Walk The Line Review

by Jerry Saravia (faustus_08520 AT yahoo DOT com)
March 7th, 2006

WALK THE LINE (2005)
Reviewed By Jerry Saravia
RATING: Three stars and a half
   
The toughest thing to do in a filmed biography is to
capture someone's essence and their heart. Some films,
like "The Aviator," "The Doors" or "The Great White Hope," capture the essence but not necessarily (or intentionally) the heart. I can live with either or both. What is unusual about James Mangold's "Walk the Line" is that it captures the essence and the heart of Johnny Cash beautifully, yet I think essence is all we really want from the Man in Black.

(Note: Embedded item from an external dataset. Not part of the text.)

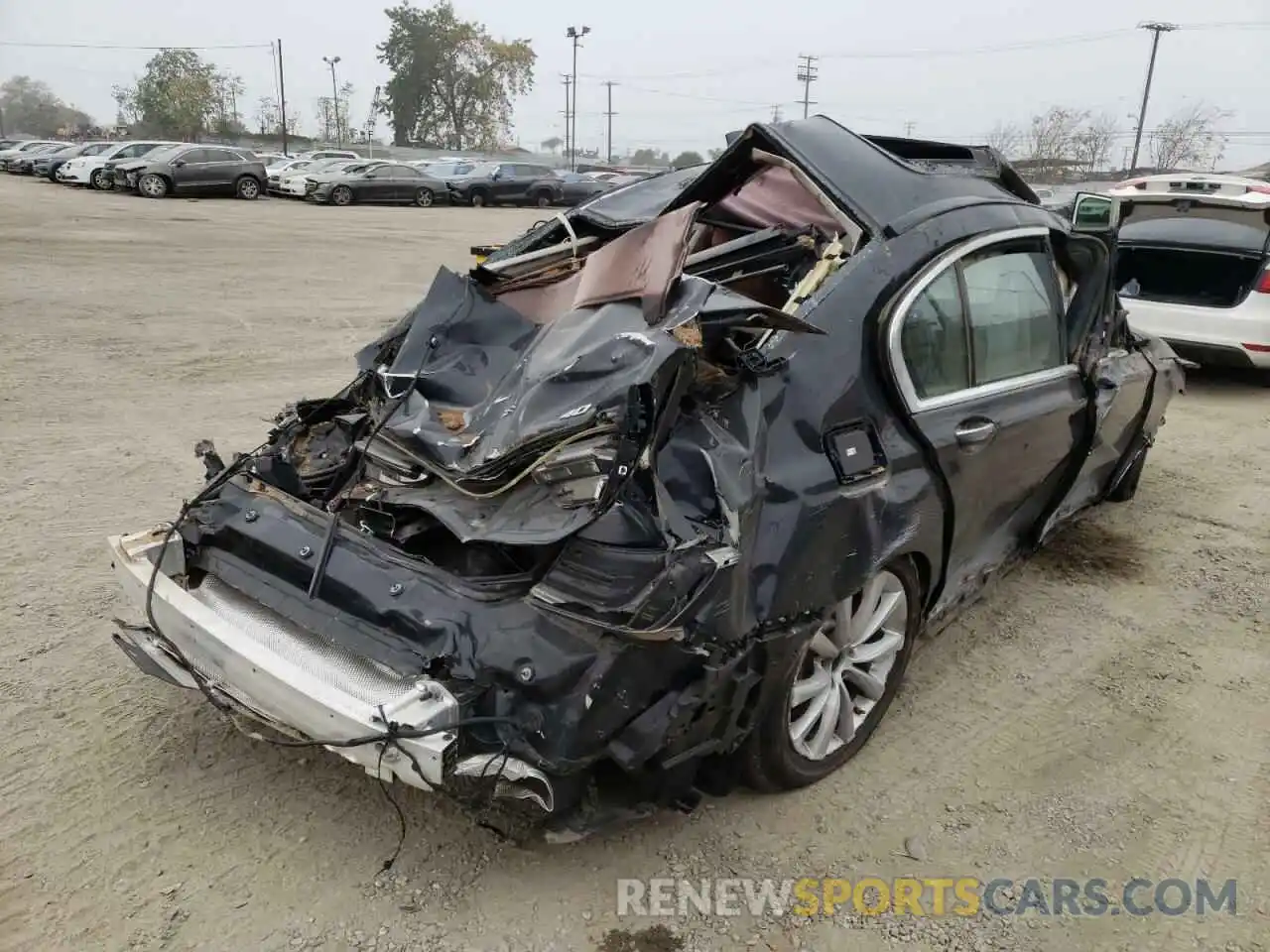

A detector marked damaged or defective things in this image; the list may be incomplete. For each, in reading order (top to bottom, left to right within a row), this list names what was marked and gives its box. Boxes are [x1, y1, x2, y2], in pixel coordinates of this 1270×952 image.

The film begins in Dyess, Arkansas in 1944 as we witness Cash's early years with his brother, his stern father (Robert Patrick) and mother (Shelby Lynne), living on a cotton farm. Johnny's elder brother dies in an unfortunate accident involving a buzz saw, and his father forever blames John for it (the circumstances today still remain a mystery). Flash forward to Germany as an older Johnny (Joaquin Phoenix) enlists in the Air Force and writes a couple of songs while stationed there (one of them being "Folsom Prison Blues," which is inspired by a documentary he watched called "Inside the Walls of Folsom Prison").
   
Meanwhile, Johnny Cash heads back to Tennessee, marries his first wife Vivian (Ginnifer Goodwin), has children, but can't seem to cut it as a door-to-door salesman. Still, his dreams lay in a singing career as he forms a band called "The
Tennessee Two" with two mechanics. His wife is none too pleased but Johnny Cash's career skyrockets after cutting a demo at Sun Records, and the rest is history. But his
newfound fame really takes off when he meets June Carter (Reese Witherspoon), a young dynamo of a singer from
country royalty in good old Memphis. This sparks a friendship and love that endures more detours than you'll find at the Long Island Expressway.
   
During the course of Johnny Cash's early years as a singer, specifically from the 1950's to the late 1960's, he gets addicted to amphetamines, divorces Vivian, goes on
endless tours with June and the band, and drinks and grows a nasty temper (in one intense moment, Johnny tears a
bathroom sink from the wall.) In the end, all he wants is June Carter's love but receiving is a battle all its own.
   
Joaquin Phoenix is phenomenal as Johnny Cash, showing
the singer's dependency on speed, his desperate need not to be separated from June Carter, his violent outbursts, and his eerie calmness when talking to his formerly abusive and drunk father. Phoenix also does something else - he shows Cash's boundless energy on the stage that is truly electrifying to watch. You'll forget that you are watching Mr. Phoenix on stage (he sang all the vocals). What is most stirring is seeing how easily you can be seduced by the music. When he asks June to sing "Time's A Wastin'," despite her objections, you see how easily she goes along with it - you can't help but be seduced by Johnny's charm.
   
Reese Witherspoon gives her best performance since "Election," demonstrating an alarming sense of vitality. I say alarming because Witherspoon basically jumps off the screen with her sweet singing voice, her smarts, her wit, her dynamic
enthusiasm and her love for Cash whom she is waiting to mature (basically, to walk the line). Both Witherspoon and Phoenix have incalculable chemistry but it is Witherspoon who
shows what a real force of nature she is - she is a tornado that practically wipes Phoenix off the screen. Even in her small moments, particularly when criticized for her past marriages by an unlikely fan, Witherspoon is as watchable a presence as any young actress.
   
James Mangold ("Girl Interrupted") does more than a serviceable job as director - he revitalizes the biographical musical genre. And in doing so, he also trims the typical narrative fat that makes up most bios to narrowly focus on the developing
relationship between Johnny and June. You must understand that "Walk the Line" is not intended to be insightful about Johnny's relationship to music - only to the woman who
emotionally supported him till the end.
   
Sometimes a phrase says it all. There is a line that Cash's father says during an uneventful Thanksgiving dinner. He tells his son that Jack Benny's house was bigger than Johnny's. How does his father know this? He saw it on TV. Cash may have had a smaller house but he will always be bigger than Jack Benny. And it is his June Carter Cash who made that possible. R.I.P Johnny and June.